▶ **To do**: From top to bottom, each entry below must be reproduced exactly.

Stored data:

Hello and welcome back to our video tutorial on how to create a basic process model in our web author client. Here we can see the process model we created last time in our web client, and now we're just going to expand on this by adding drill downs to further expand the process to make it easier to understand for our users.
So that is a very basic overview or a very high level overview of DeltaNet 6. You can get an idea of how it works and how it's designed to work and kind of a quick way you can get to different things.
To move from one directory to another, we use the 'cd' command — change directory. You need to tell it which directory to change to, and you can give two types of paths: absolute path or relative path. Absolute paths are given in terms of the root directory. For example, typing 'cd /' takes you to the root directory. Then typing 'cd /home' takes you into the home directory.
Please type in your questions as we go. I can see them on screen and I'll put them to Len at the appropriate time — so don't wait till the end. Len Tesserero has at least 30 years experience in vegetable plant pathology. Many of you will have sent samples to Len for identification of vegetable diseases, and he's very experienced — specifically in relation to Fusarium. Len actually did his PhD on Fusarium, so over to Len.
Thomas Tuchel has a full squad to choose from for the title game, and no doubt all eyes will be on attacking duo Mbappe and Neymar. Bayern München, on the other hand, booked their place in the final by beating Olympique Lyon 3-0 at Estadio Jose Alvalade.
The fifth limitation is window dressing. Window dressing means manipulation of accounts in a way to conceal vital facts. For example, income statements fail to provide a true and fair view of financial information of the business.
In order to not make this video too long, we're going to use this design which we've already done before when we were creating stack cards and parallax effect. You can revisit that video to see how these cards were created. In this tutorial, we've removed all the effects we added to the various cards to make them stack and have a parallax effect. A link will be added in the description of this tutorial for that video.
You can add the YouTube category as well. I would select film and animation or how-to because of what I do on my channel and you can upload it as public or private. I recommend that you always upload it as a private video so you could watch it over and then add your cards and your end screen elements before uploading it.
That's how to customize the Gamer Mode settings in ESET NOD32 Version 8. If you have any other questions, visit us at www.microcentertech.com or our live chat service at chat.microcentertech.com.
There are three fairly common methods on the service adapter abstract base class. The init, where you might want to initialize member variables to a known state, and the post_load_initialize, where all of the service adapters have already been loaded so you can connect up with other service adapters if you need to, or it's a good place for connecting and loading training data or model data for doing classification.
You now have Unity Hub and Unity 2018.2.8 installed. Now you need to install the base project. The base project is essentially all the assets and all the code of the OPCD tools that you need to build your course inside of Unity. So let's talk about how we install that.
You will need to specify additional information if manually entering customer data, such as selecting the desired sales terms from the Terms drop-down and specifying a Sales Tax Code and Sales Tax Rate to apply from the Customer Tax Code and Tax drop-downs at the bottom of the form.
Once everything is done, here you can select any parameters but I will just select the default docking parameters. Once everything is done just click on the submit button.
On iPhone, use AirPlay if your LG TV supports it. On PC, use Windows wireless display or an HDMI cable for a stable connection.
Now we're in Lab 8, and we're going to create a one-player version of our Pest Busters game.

▶ **Solution**:
Hello and welcome back to our video tutorial on how to create a basic process model in our web author client. Here we can see the process model we created last time in our web client, and now we're just going to expand on this by adding drill downs to further expand the process to make it easier to understand for our users.
So that is a very basic overview or a very high level overview of DeltaNet 6. You can get an idea of how it works and how it's designed to work and kind of a quick way you can get to different things.
To move from one directory to another, we use the 'cd' command — change directory. You need to tell it which directory to change to, and you can give two types of paths: absolute path or relative path. Absolute paths are given in terms of the root directory. For example, typing 'cd /' takes you to the root directory. Then typing 'cd /home' takes you into the home directory.
Please type in your questions as we go. I can see them on screen and I'll put them to Len at the appropriate time — so don't wait till the end. Len Tesserero has at least 30 years experience in vegetable plant pathology. Many of you will have sent samples to Len for identification of vegetable diseases, and he's very experienced — specifically in relation to Fusarium. Len actually did his PhD on Fusarium, so over to Len.
Thomas Tuchel has a full squad to choose from for the title game, and no doubt all eyes will be on attacking duo Mbappe and Neymar. Bayern München, on the other hand, booked their place in the final by beating Olympique Lyon 3-0 at Estadio Jose Alvalade.
The fifth limitation is window dressing. Window dressing means manipulation of accounts in a way to conceal vital facts. For example, income statements fail to provide a true and fair view of financial information of the business.
In order to not make this video too long, we're going to use this design which we've already done before when we were creating stack cards and parallax effect. You can revisit that video to see how these cards were created. In this tutorial, we've removed all the effects we added to the various cards to make them stack and have a parallax effect. A link will be added in the description of this tutorial for that video.
You can add the YouTube category as well. I would select film and animation or how-to because of what I do on my channel and you can upload it as public or private. I recommend that you always upload it as a private video so you could watch it over and then add your cards and your end screen elements before uploading it.
That's how to customize the Gamer Mode settings in ESET NOD32 Version 8. If you have any other questions, visit us at www.microcentertech.com or our live chat service at chat.microcentertech.com.
There are three fairly common methods on the service adapter abstract base class. The init, where you might want to initialize member variables to a known state, and the post_load_initialize, where all of the service adapters have already been loaded so you can connect up with other service adapters if you need to, or it's a good place for connecting and loading training data or model data for doing classification.
You now have Unity Hub and Unity 2018.2.8 installed. Now you need to install the base project. The base project is essentially all the assets and all the code of the OPCD tools that you need to build your course inside of Unity. So let's talk about how we install that.
You will need to specify additional information if manually entering customer data, such as selecting the desired sales terms from the Terms drop-down and specifying a Sales Tax Code and Sales Tax Rate to apply from the Customer Tax Code and Tax drop-downs at the bottom of the form.
Once everything is done, here you can select any parameters but I will just select the default docking parameters. Once everything is done just click on the submit button.
On iPhone, use AirPlay if your LG TV supports it. On PC, use Windows wireless display or an HDMI cable for a stable connection.
Now we're in Lab 8, and we're going to create a one-player version of our Pest Busters game.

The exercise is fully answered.